> REQUIRED ACTION
Search the listing below for the line containing "FIAT TORO FREEDOM AT FLEX [upl. by Luo689]". From there through the line containing "Moge Touring Canggih!", transcribe every line exactly, both ends included.

> DATA TO PROCESS
>>>

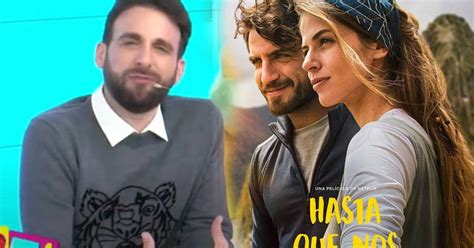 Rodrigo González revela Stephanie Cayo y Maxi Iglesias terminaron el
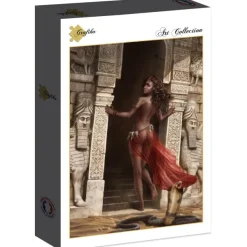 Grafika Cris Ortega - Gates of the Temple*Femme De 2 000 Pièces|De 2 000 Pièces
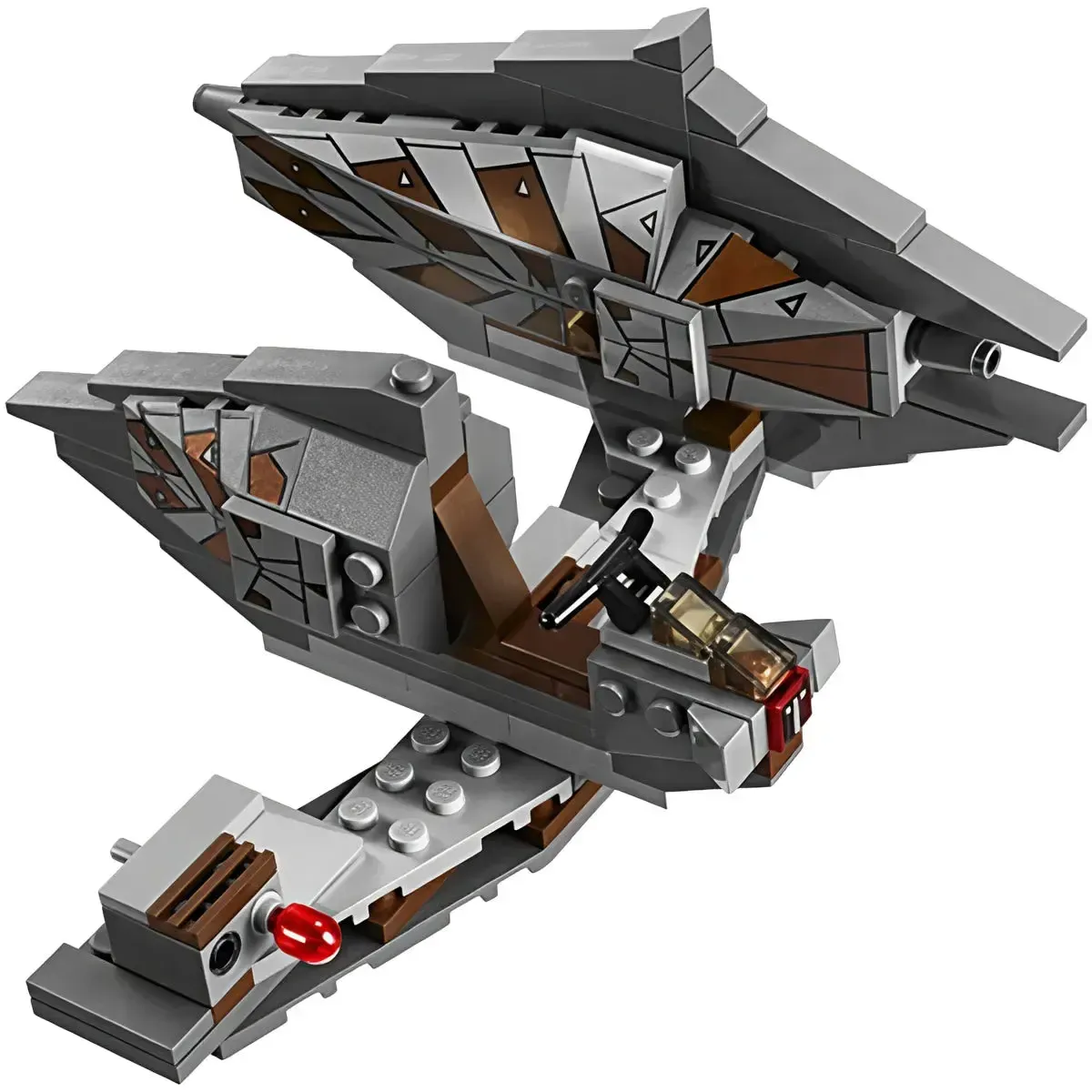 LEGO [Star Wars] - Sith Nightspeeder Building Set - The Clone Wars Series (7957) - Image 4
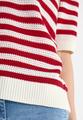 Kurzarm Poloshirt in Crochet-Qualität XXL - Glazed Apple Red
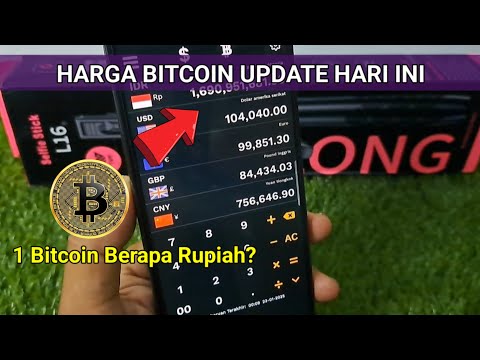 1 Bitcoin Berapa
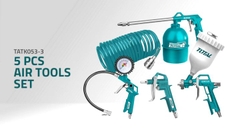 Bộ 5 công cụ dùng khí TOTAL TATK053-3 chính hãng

<<<
>>>

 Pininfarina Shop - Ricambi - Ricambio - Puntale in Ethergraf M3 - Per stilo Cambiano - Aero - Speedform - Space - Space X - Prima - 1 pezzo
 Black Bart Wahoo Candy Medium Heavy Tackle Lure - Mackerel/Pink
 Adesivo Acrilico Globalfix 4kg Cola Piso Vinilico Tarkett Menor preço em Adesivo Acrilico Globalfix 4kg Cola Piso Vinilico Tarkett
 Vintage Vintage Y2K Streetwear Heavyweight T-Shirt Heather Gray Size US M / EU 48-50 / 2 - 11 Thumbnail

<<<
>>>

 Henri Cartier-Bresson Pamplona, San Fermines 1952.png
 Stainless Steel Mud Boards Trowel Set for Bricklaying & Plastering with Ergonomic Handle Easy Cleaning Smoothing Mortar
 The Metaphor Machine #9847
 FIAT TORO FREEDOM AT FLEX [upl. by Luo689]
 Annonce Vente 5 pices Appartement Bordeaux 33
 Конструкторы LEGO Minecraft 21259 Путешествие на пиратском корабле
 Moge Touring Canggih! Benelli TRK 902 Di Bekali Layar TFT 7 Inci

<<<

> TASK ANSWER
 FIAT TORO FREEDOM AT FLEX [upl. by Luo689]
 Annonce Vente 5 pices Appartement Bordeaux 33
 Конструкторы LEGO Minecraft 21259 Путешествие на пиратском корабле
 Moge Touring Canggih! Benelli TRK 902 Di Bekali Layar TFT 7 Inci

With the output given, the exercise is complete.